◆ Records excerpted from a collection ◆
"""

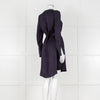 Philosophy Navy Viscose Collarless Mini Tunic Dress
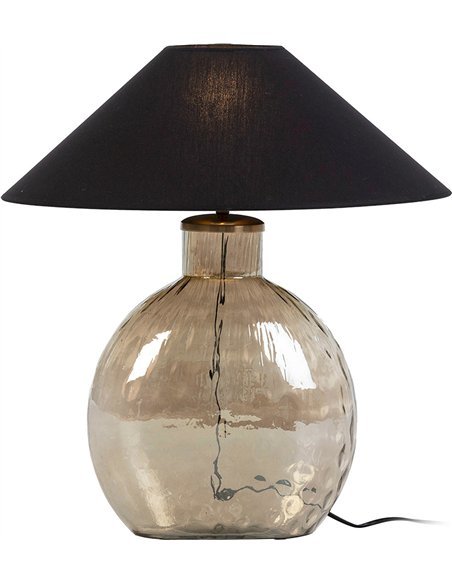 Lampe de Table sans abat-jour 30x7x30 Verre Gris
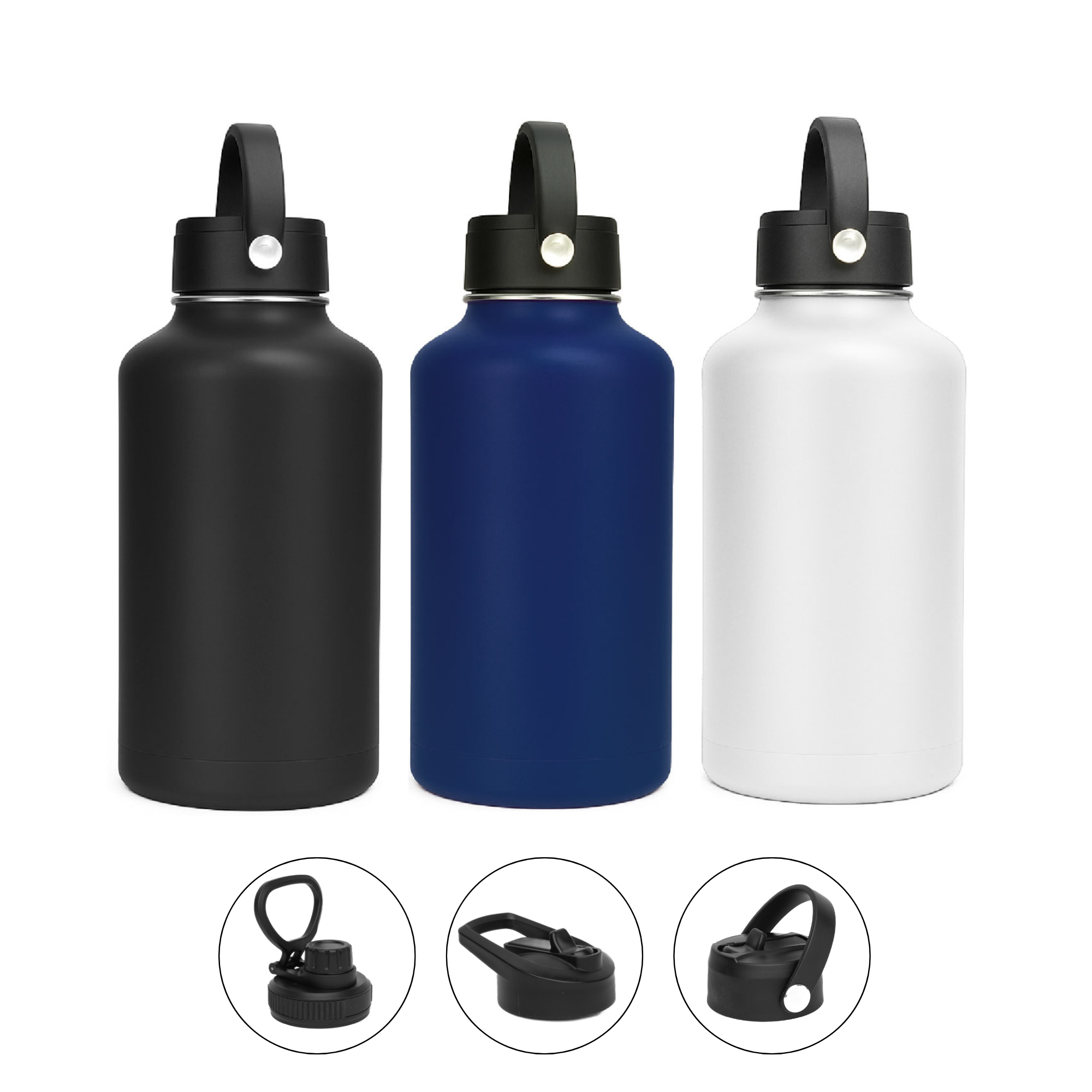 LAPEN 1800ml Vacuum Bottle – 3 Different Lid Options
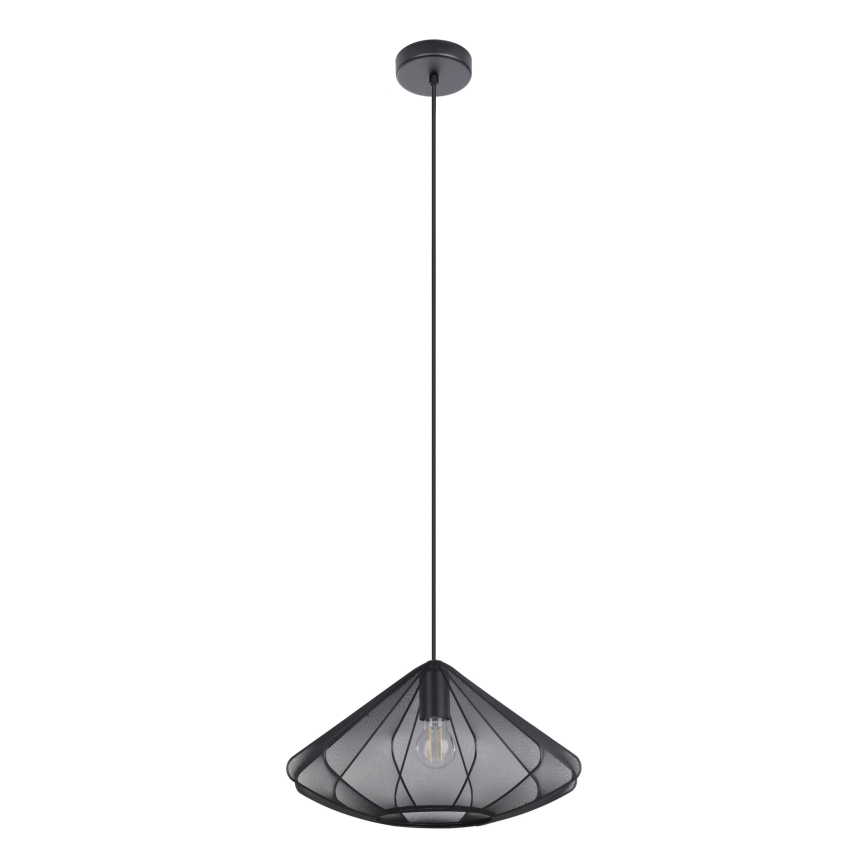 Eglo - Pakabinamas sietynas 1xE27/40W/230V diametras 42,5 cm juoda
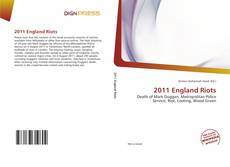 Capa do livro de 2011 England Riots 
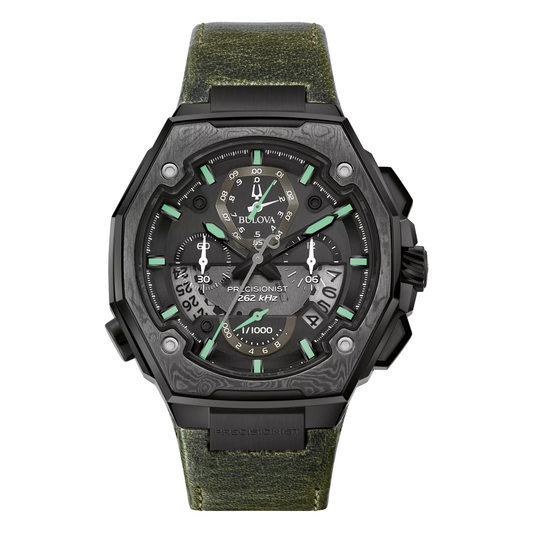 Bulova Series X 98B355, complete watch front view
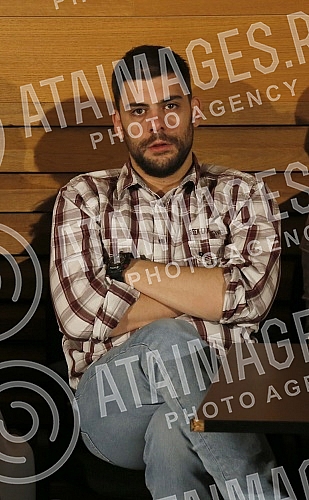 Press conference on the occasion of the premiere of the play Lorencaco held at the Yugoslav Drama Theater.Konferencija za novinare povodom premijere predstave Lorencaco odrzana u Jugoslovenskom dramskom pozoristu.
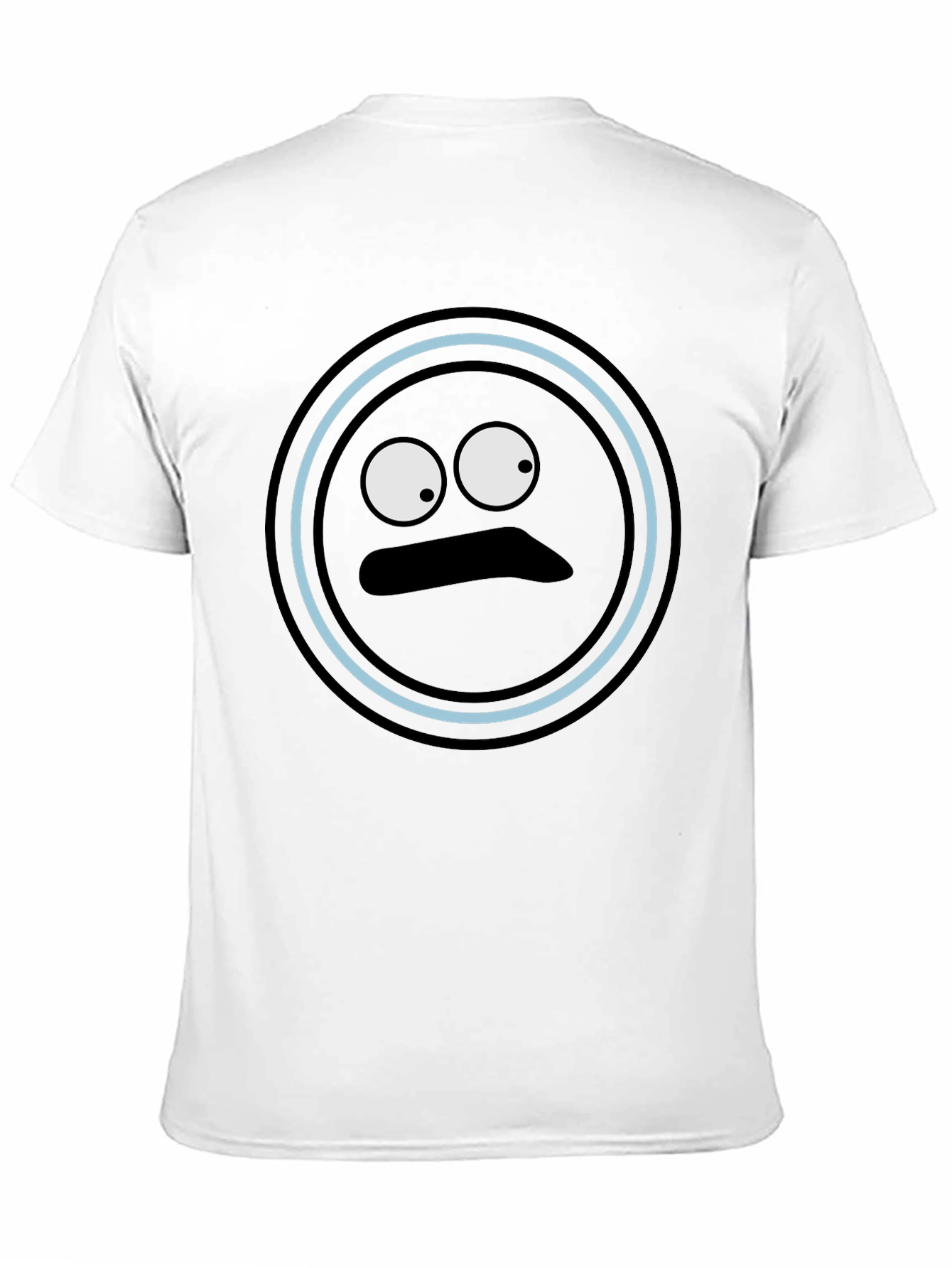 Funny Black T-Shirt with Googly Eye Face Design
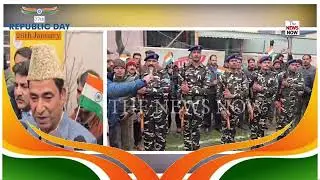 BJP General Secretary hoisted the tricolor and took salute on the occasion of 77th Republic Day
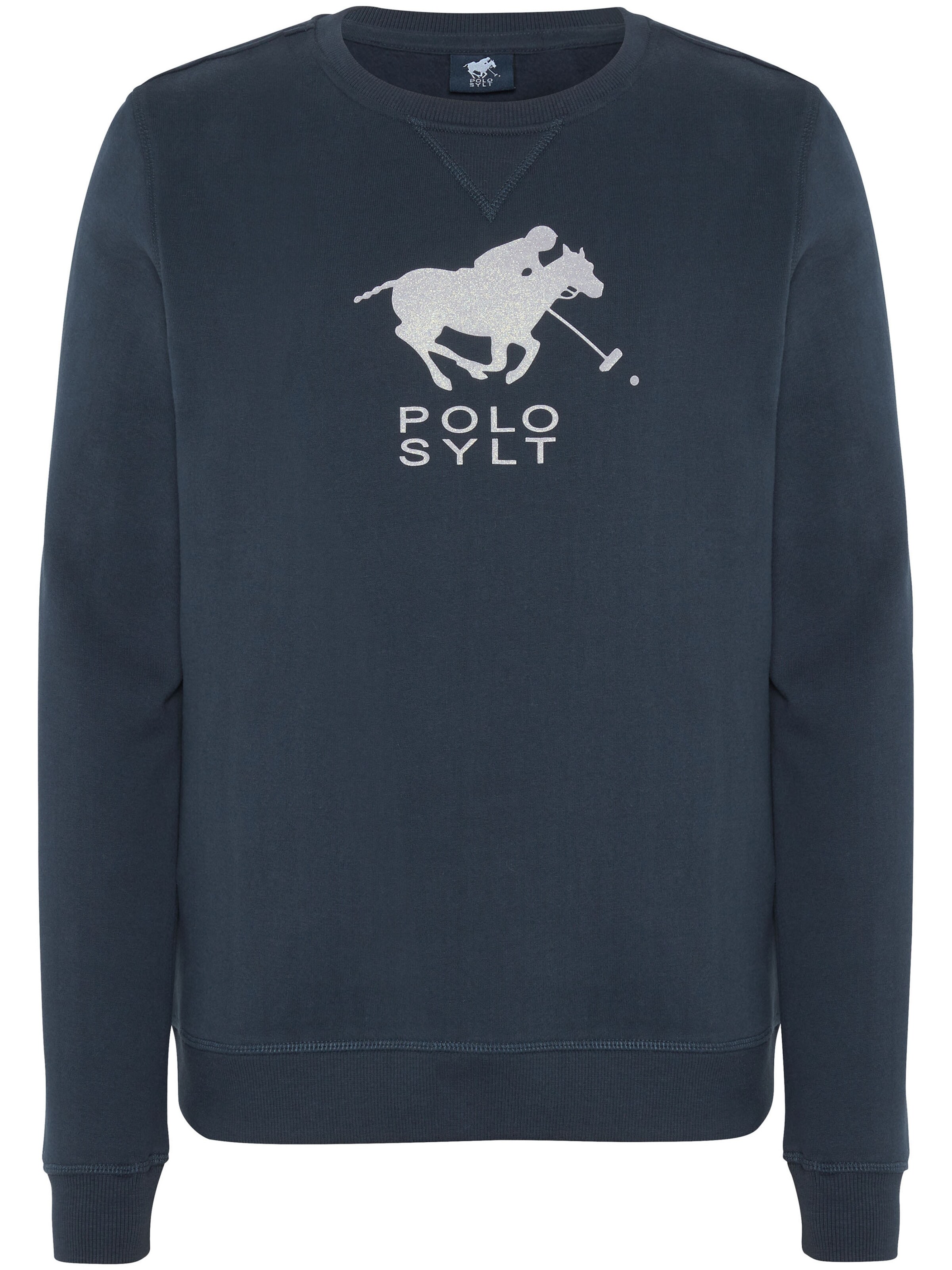 Polo Sylt Sweatshirt in Blue: front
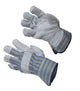 STRIPE LEATHER & CANVAS STYLE GLOVES REINFORCED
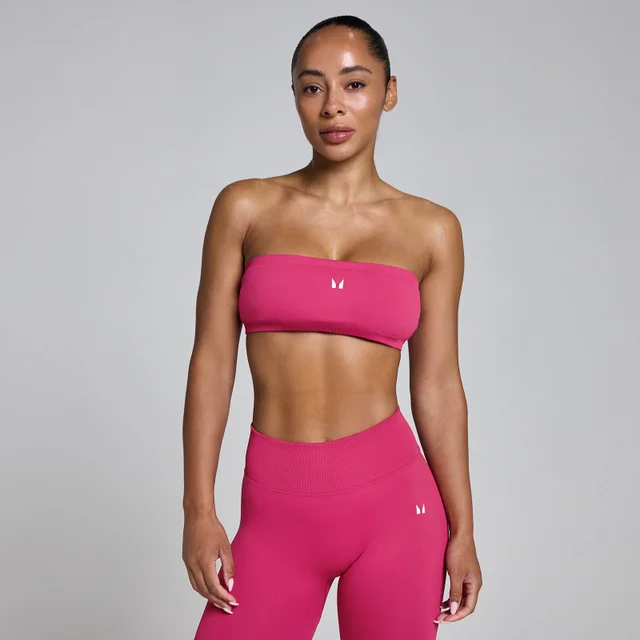 Damski Biustonosz Sportowy Bandeau MP Lift - Intensywna Jagoda
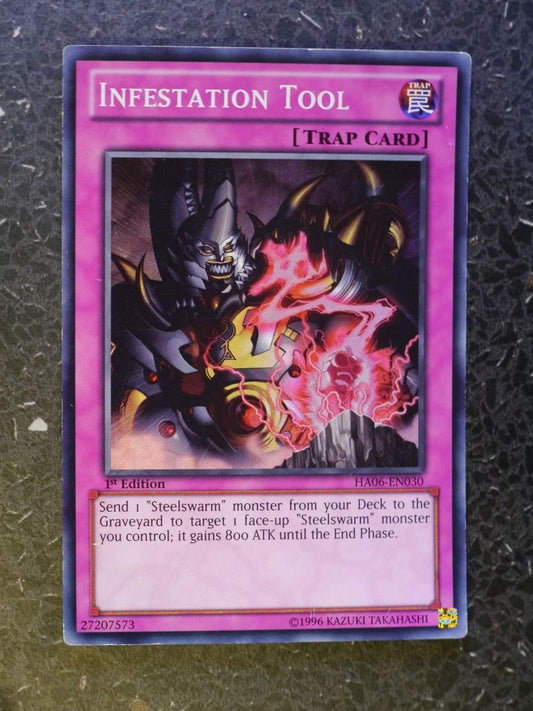 Yugioh Cards: INFESTATION TOOL HA06 SUPER RARE # 3E94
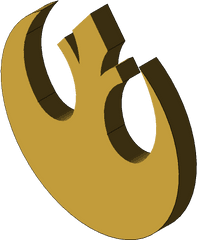 Star Wars Rebel Alliance Logo - Language Png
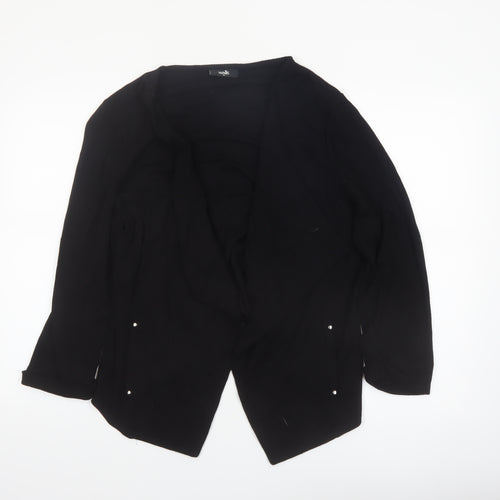 Wallis Women’s Black XL Open Jersey Jacket - Lightweight Workwear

"""

◆ EXERCISE DESCRIPTION ◆
Transcribe the records above exactly as they appear, leaving out any pictures.

◆ SOLVED PROBLEM ◆
 Philosophy Navy Viscose Collarless Mini Tunic Dress
 Lampe de Table sans abat-jour 30x7x30 Verre Gris
 LAPEN 1800ml Vacuum Bottle – 3 Different Lid Options
 Eglo - Pakabinamas sietynas 1xE27/40W/230V diametras 42,5 cm juoda
 Capa do livro de 2011 England Riots 
 Bulova Series X 98B355, complete watch front view
 Press conference on the occasion of the premiere of the play Lorencaco held at the Yugoslav Drama Theater.Konferencija za novinare povodom premijere predstave Lorencaco odrzana u Jugoslovenskom dramskom pozoristu.
 Funny Black T-Shirt with Googly Eye Face Design
 BJP General Secretary hoisted the tricolor and took salute on the occasion of 77th Republic Day
 Polo Sylt Sweatshirt in Blue: front
 STRIPE LEATHER & CANVAS STYLE GLOVES REINFORCED
 Damski Biustonosz Sportowy Bandeau MP Lift - Intensywna Jagoda
 Yugioh Cards: INFESTATION TOOL HA06 SUPER RARE # 3E94
 Star Wars Rebel Alliance Logo - Language Png
 Wallis Women’s Black XL Open Jersey Jacket - Lightweight Workwear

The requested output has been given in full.